→ **Your task**: Everything below from the line with "Buono regalo per" through the line with "DURAFORCE Stainless Steel" must be retyped exactly, except the pictures.

Supplied data Start Marker

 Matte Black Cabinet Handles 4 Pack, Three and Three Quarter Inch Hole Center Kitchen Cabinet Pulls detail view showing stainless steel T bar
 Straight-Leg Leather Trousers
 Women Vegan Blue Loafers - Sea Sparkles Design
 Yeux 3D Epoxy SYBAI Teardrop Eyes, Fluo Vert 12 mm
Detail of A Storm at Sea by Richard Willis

Supplied data End Marker
Supplied data Start Marker

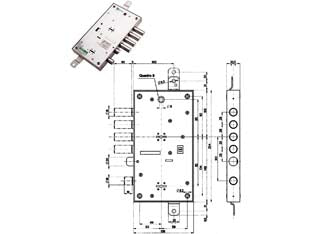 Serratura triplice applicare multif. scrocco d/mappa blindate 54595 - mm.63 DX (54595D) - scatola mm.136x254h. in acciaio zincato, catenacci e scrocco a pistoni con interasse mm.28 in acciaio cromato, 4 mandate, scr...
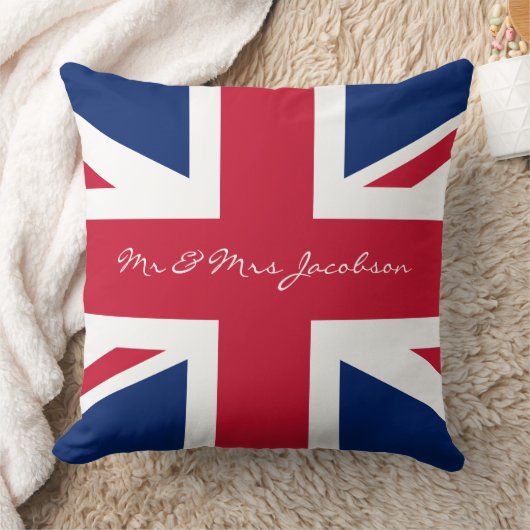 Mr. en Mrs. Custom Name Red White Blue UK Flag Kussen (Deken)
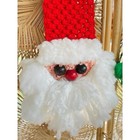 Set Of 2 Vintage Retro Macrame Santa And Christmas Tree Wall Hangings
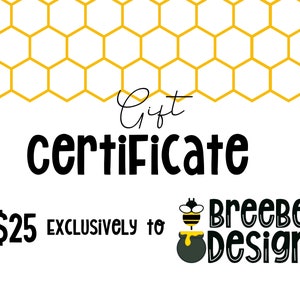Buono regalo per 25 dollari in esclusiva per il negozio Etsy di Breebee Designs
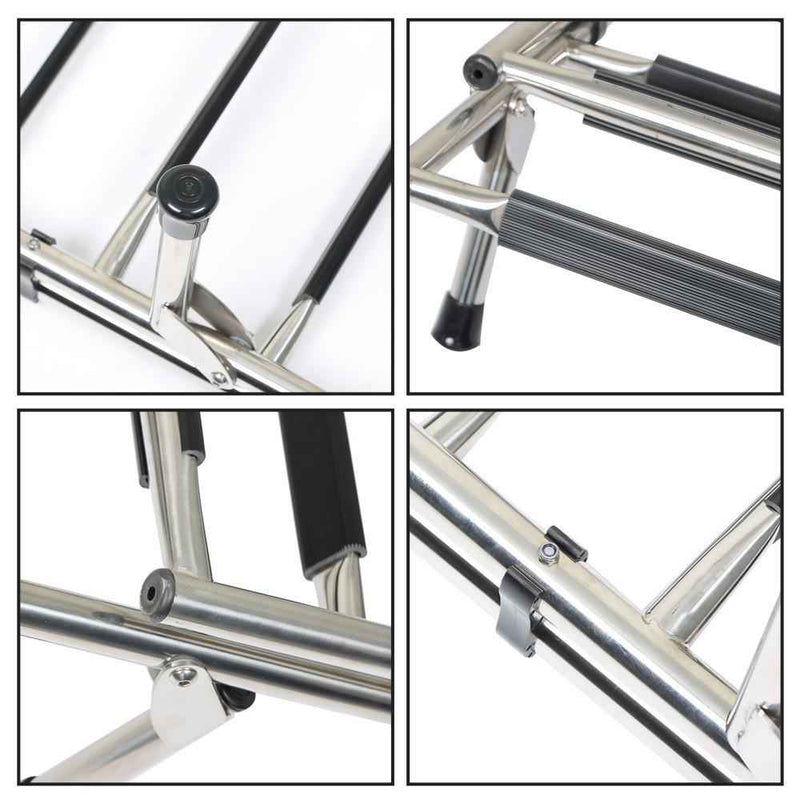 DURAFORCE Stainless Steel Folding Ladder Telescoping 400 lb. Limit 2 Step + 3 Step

Supplied data End Marker
Supplied data Start Marker

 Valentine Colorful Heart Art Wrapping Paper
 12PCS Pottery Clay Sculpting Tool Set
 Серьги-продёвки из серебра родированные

Supplied data End Marker

→ **The completed task**:
Buono regalo per 25 dollari in esclusiva per il negozio Etsy di Breebee Designs
 DURAFORCE Stainless Steel Folding Ladder Telescoping 400 lb. Limit 2 Step + 3 Step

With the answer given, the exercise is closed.